An exact repeat is needed of the lines from the one with "Wood-finish flooring throughout, complemented" through the last line of the data below. Please omit the pictures.

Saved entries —
━━━━━━━━

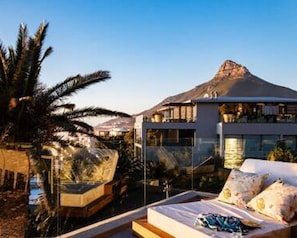 A modern hotel room with a large bed, a view of a mountain, and a pool area. - Stylish Penthouse w Private Pool and Parking Houghton Penthouse (Cape Town)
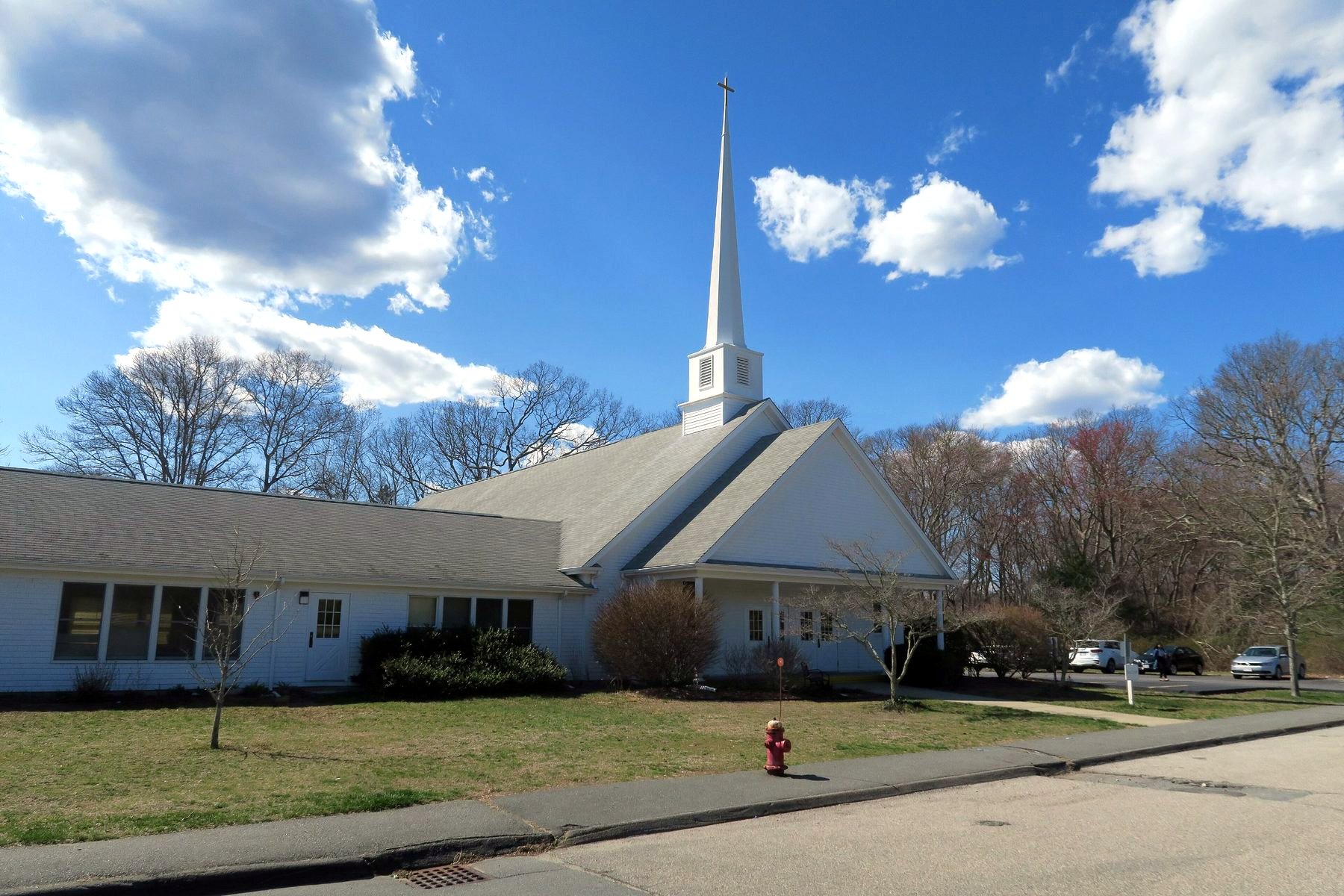 Smith Mills Congregational Church, white with a tall steeple, under a blue sky.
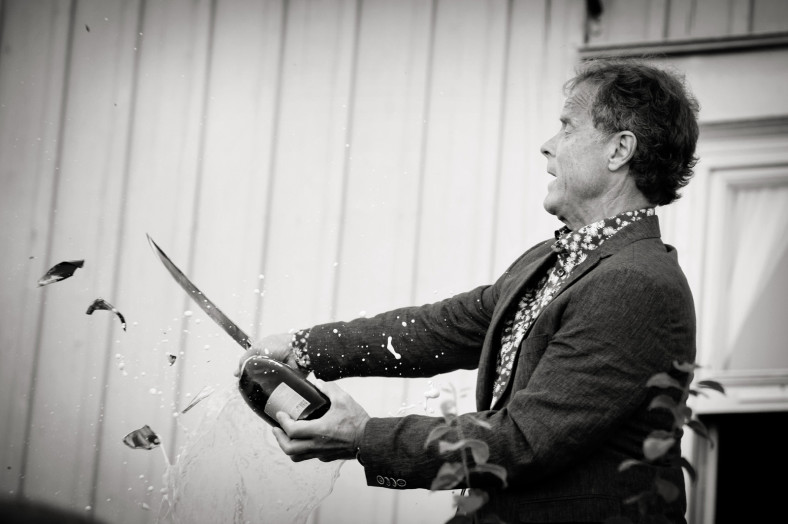Sword breaking a bottle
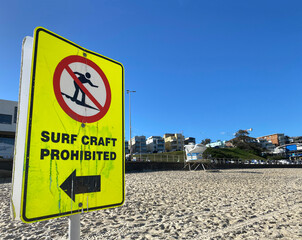 Warning sign on the beach indicating that surf craft is prohibited. Yellow panel to highlight a...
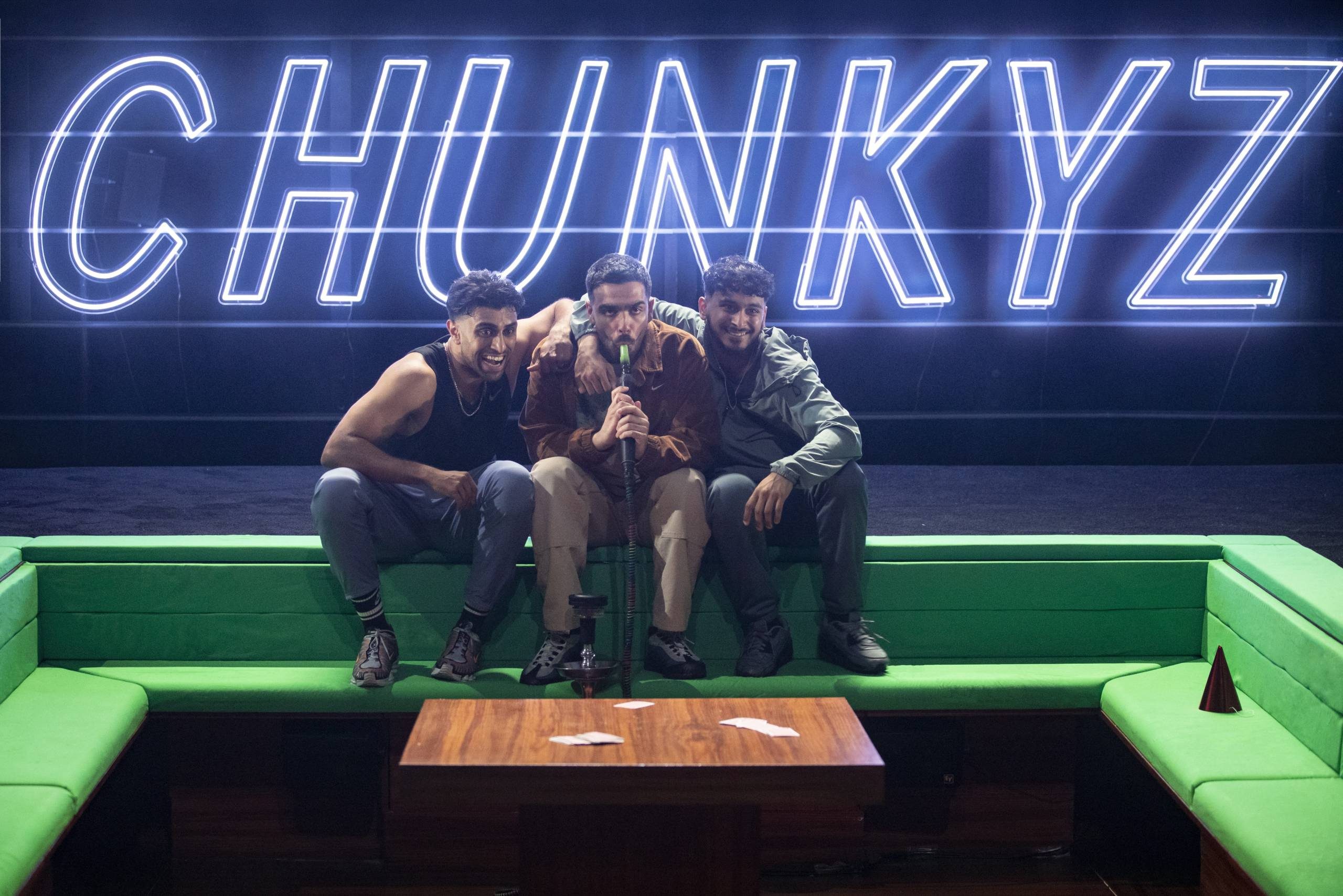 Three men sit on a green sofa in front of a neon 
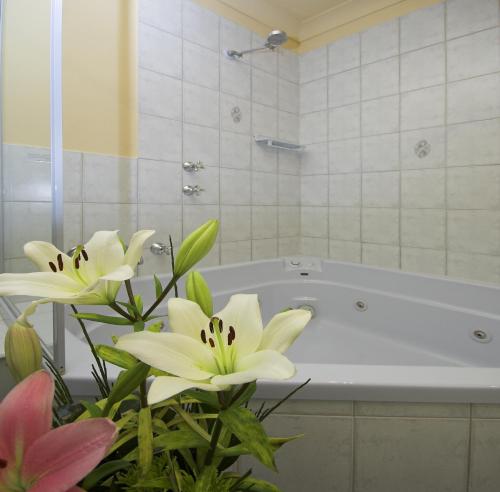 a bathroom with a tub with flowers in front of it at Victoria Hotel Strathalbyn in Strathalbyn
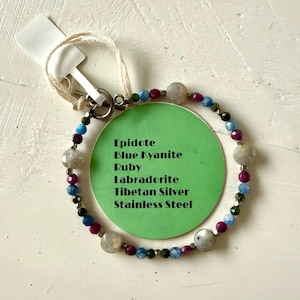 Könnte beinhalten: Ein Armband mit Edelsteinperlen, darunter blauer Kyanit, Rubin und Labradorit. Das Armband ist an einer Silberkette befestigt und hat einen Edelstahlverschluss. Ein grünes Etikett listet die Materialien auf.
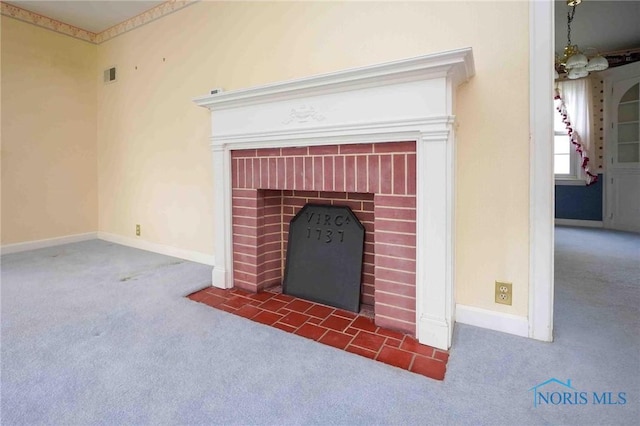 details with a brick fireplace, carpet flooring, baseboards, and visible vents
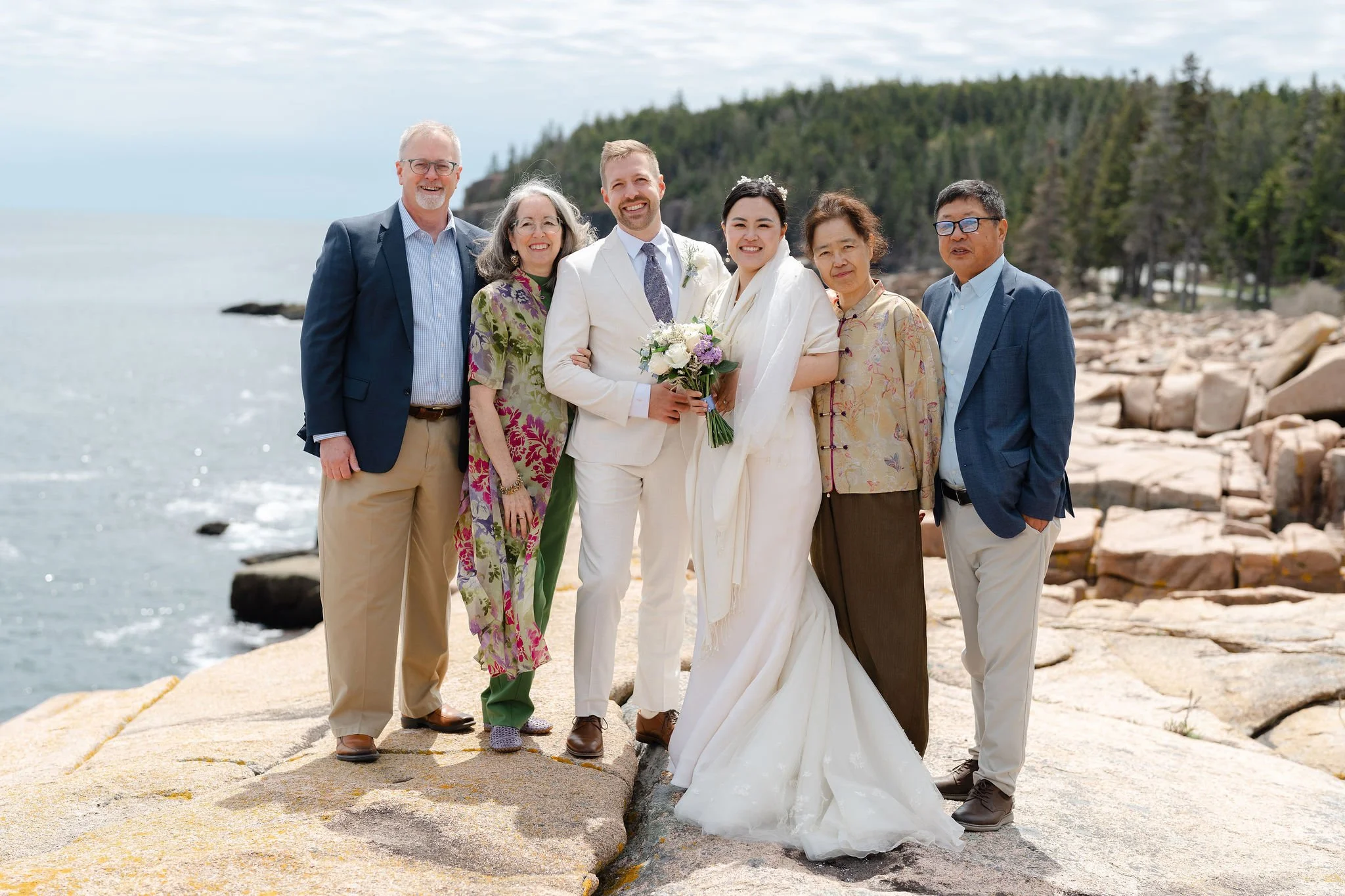 Bride and groom in family photo in Acadia National Park by Warner Photography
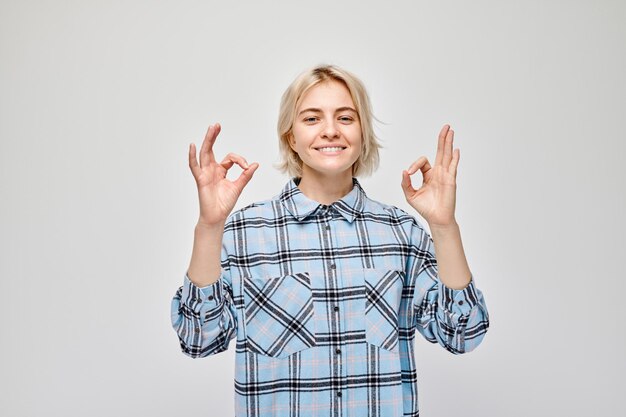 Smiling woman in plaid shirt making OK sign with hand on a light background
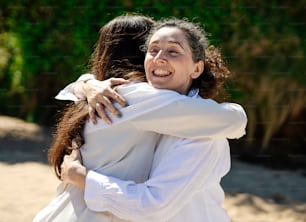 two women hugging each other on a sunny day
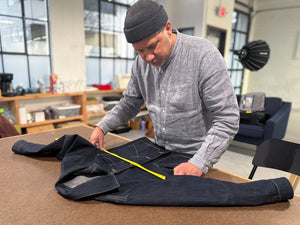 Steven measuring a coat
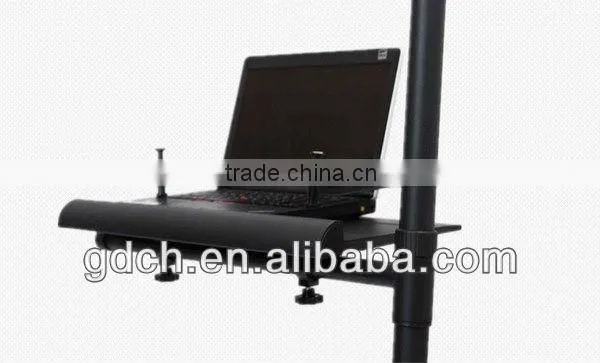 Portable folding notebook desk stand with mouse pad in bed
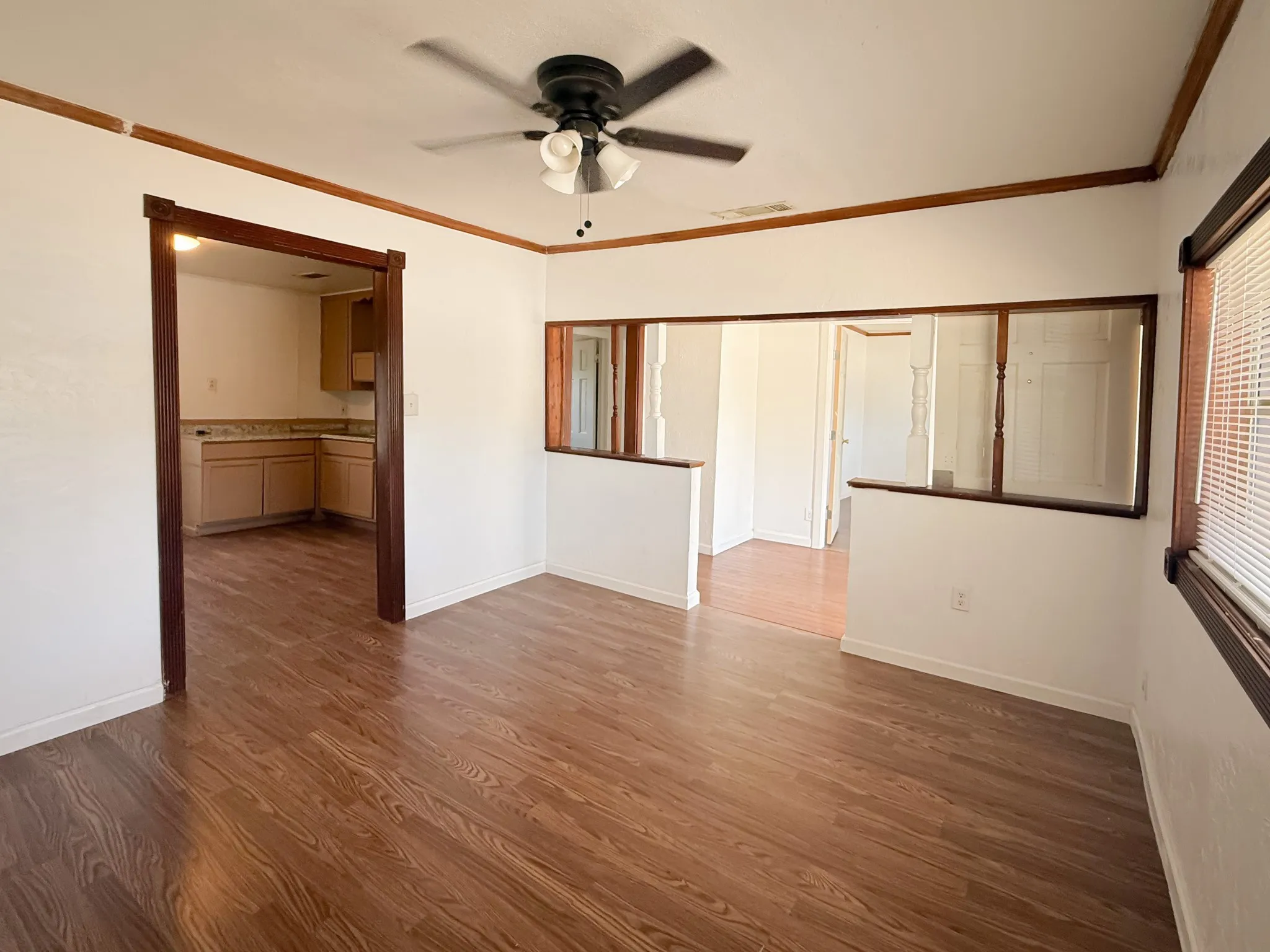 Wood-finish flooring throughout, complemented by a ceiling fan with integrated lighting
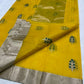 Yellow saree with green leaf patterns and silver border on a white background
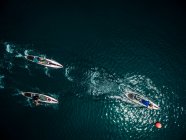Aerial shot of a group of people on paddleboards. — Stock Photo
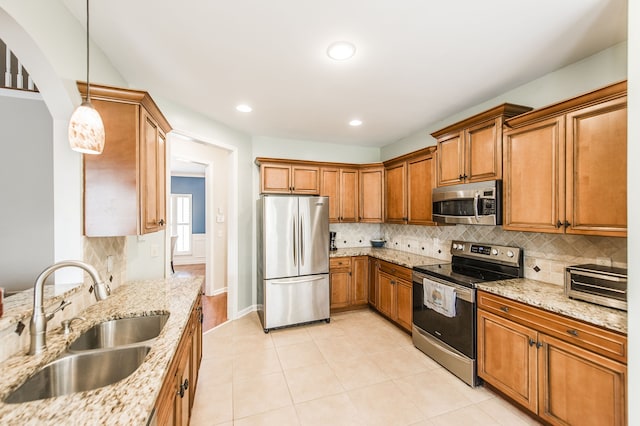 kitchen featuring hanging light fixtures, backsplash, sink, appliances with stainless steel finishes, and light stone counters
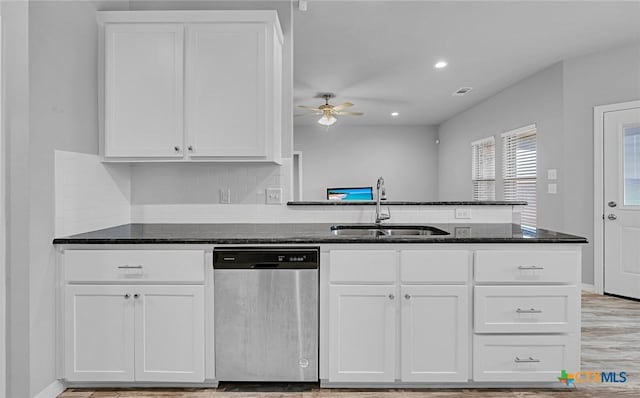 kitchen featuring tasteful backsplash, dishwasher, dark stone countertops, sink, and white cabinets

━━━━━━━━

Final answer —
 Wood-finish flooring throughout, complemented by a ceiling fan with integrated lighting
 Yellow saree with green leaf patterns and silver border on a white background
Aerial shot of a group of people on paddleboards. — Stock Photo
 kitchen featuring hanging light fixtures, backsplash, sink, appliances with stainless steel finishes, and light stone counters
 kitchen featuring tasteful backsplash, dishwasher, dark stone countertops, sink, and white cabinets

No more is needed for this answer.